What this task involves:
Transcribe the data underneath exactly. No images belong in your version.

Data excerpt:
□ □ □ □ □ □ □

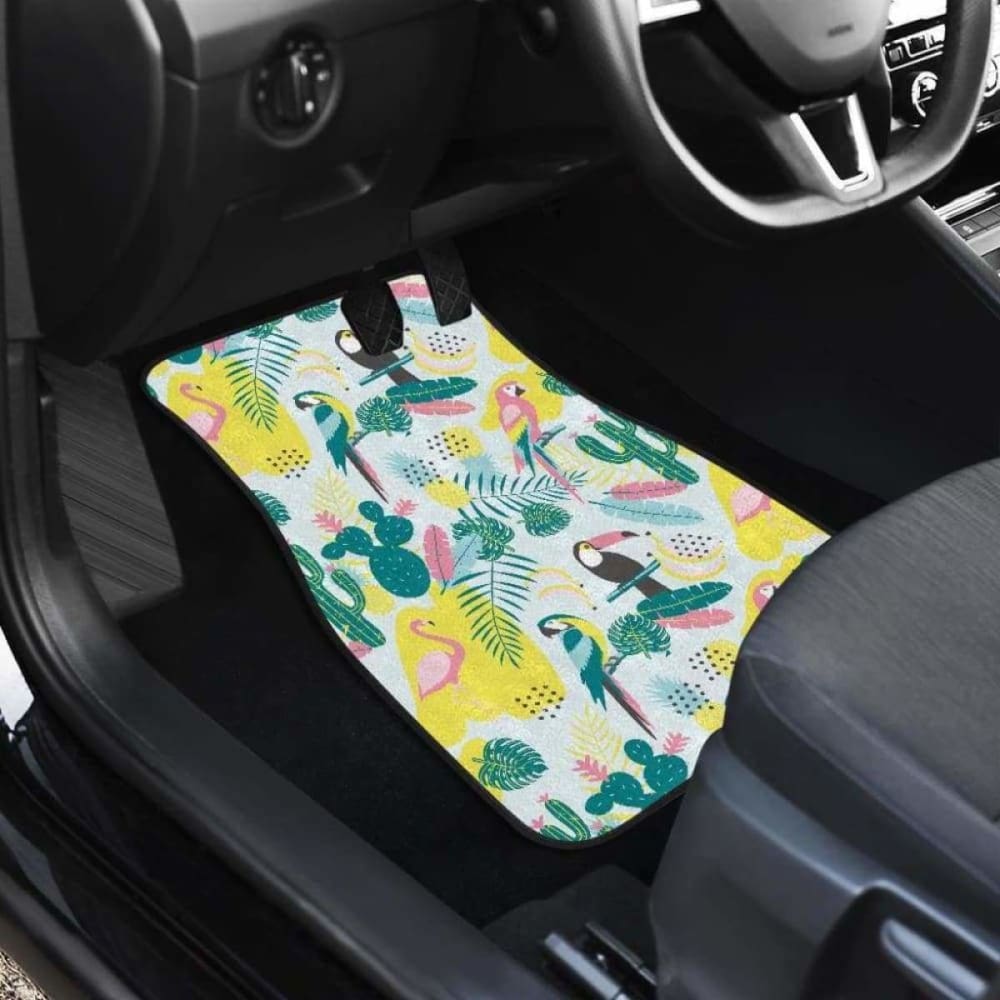 Cute Parrot Toucan Flamingo Cactus Exotic Leaves Pattern Front And Back Car Mats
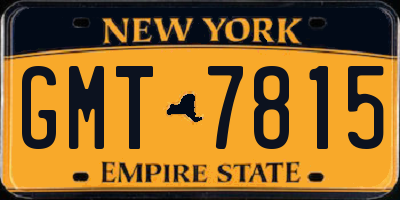 NY license plate GMT7815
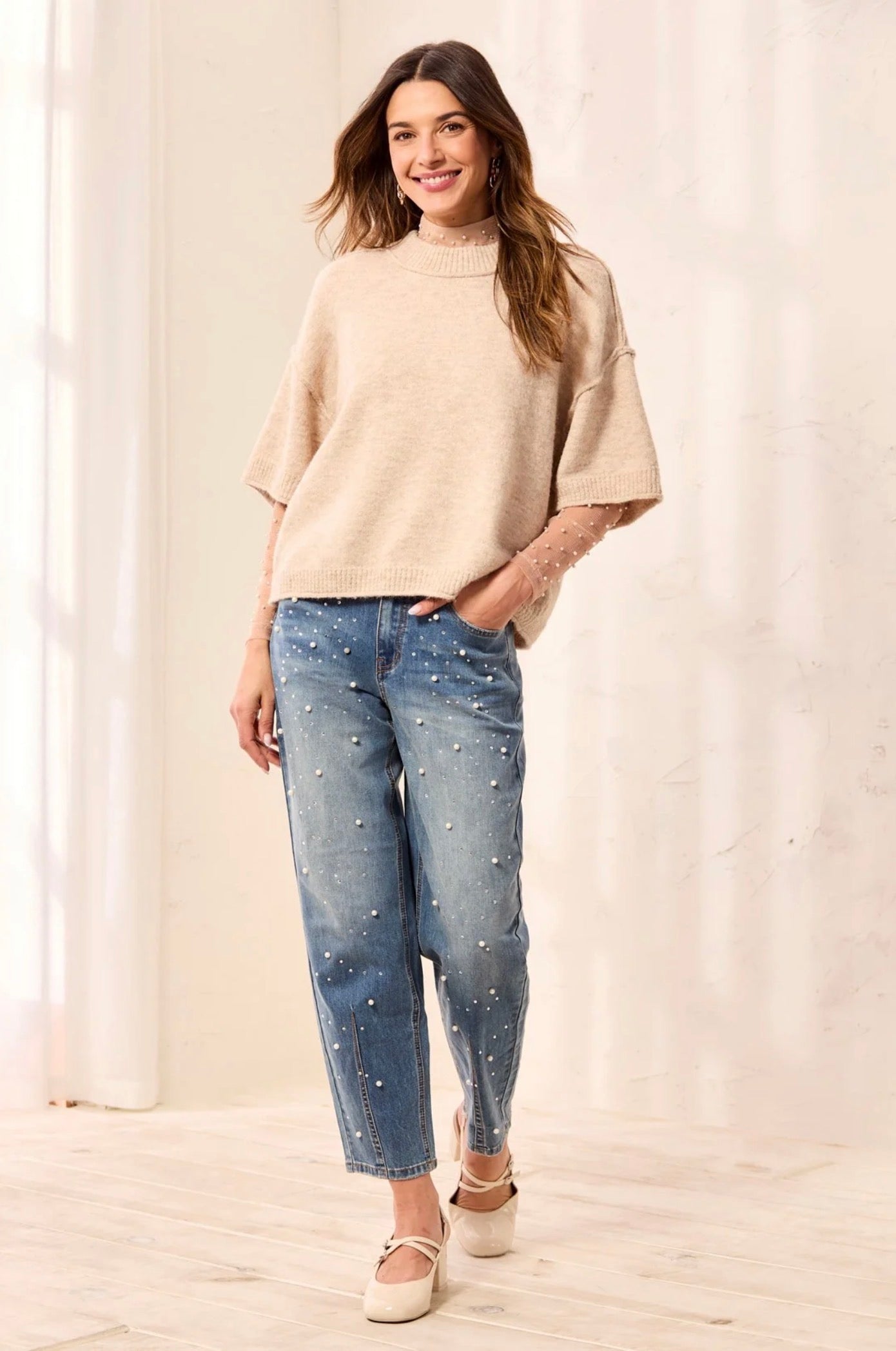 Tribal Elbow Sleeve Crewneck Sweater Cream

□ □ □ □ □ □ □

Result for this exercise:
 Cute Parrot Toucan Flamingo Cactus Exotic Leaves Pattern Front And Back Car Mats
 NY license plate GMT7815
 Tribal Elbow Sleeve Crewneck Sweater Cream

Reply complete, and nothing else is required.